▸ **Work request**
Verbatim copy, images omitted: return the full listing.

▸ **Dataset excerpt**
####

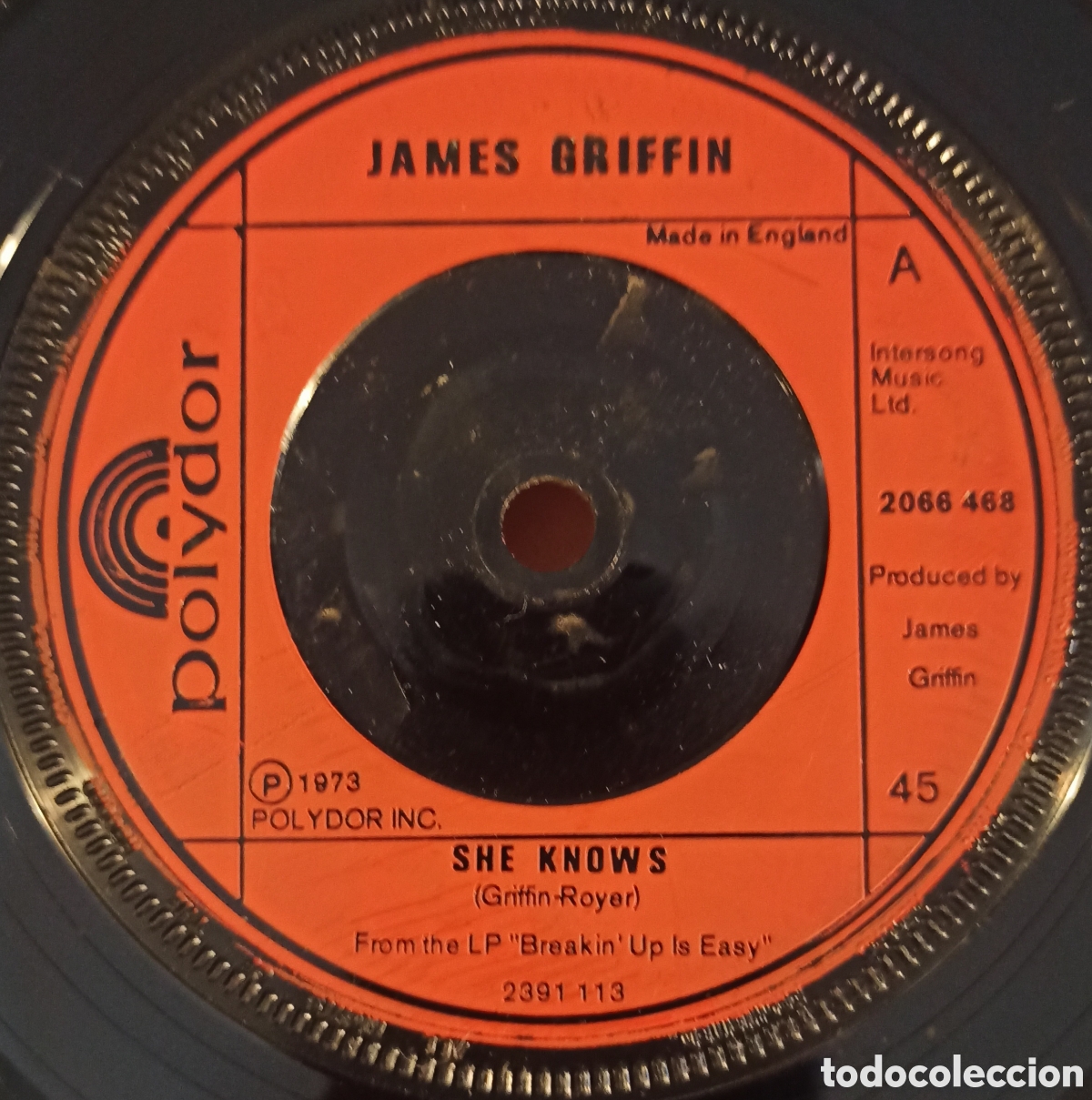 Discos de vinilo: James Griffin &ndash; She Knows - Foto 1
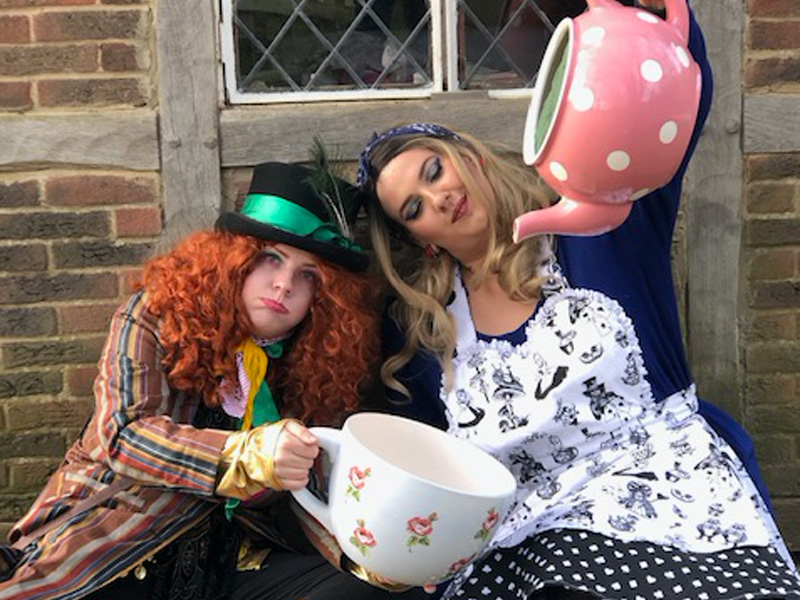 Mad Hatters Tea Parties at Prinknash  Bird & Deer Park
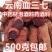 血三七正宗野生冷背中药材大全批发零售货真价实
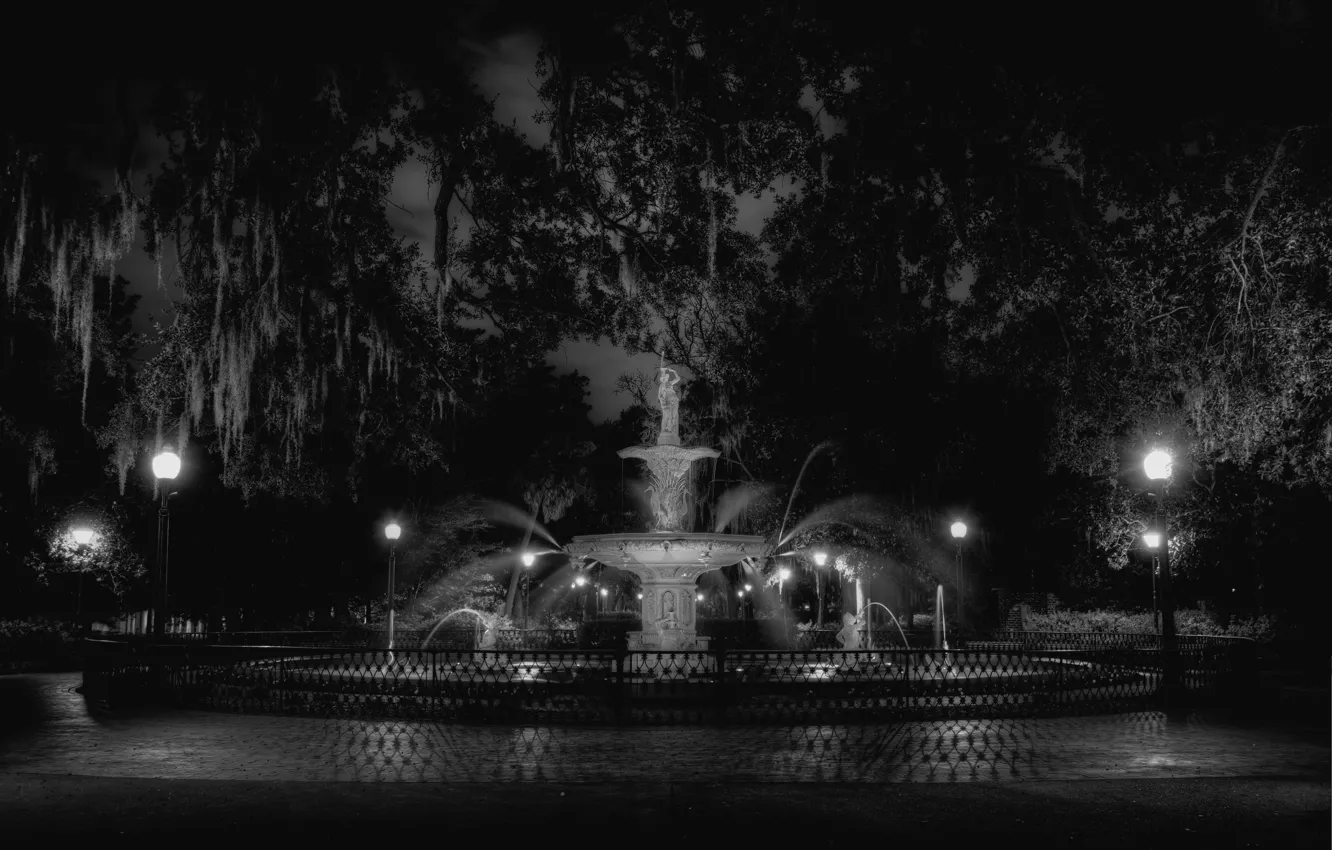 Фото обои небо, вода, свет, деревья, ночь, фонари, саванна, фонтан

####

▸ **Result**
 Discos de vinilo: James Griffin &ndash; She Knows - Foto 1
 Mad Hatters Tea Parties at Prinknash  Bird & Deer Park
 血三七正宗野生冷背中药材大全批发零售货真价实
 Фото обои небо, вода, свет, деревья, ночь, фонари, саванна, фонтан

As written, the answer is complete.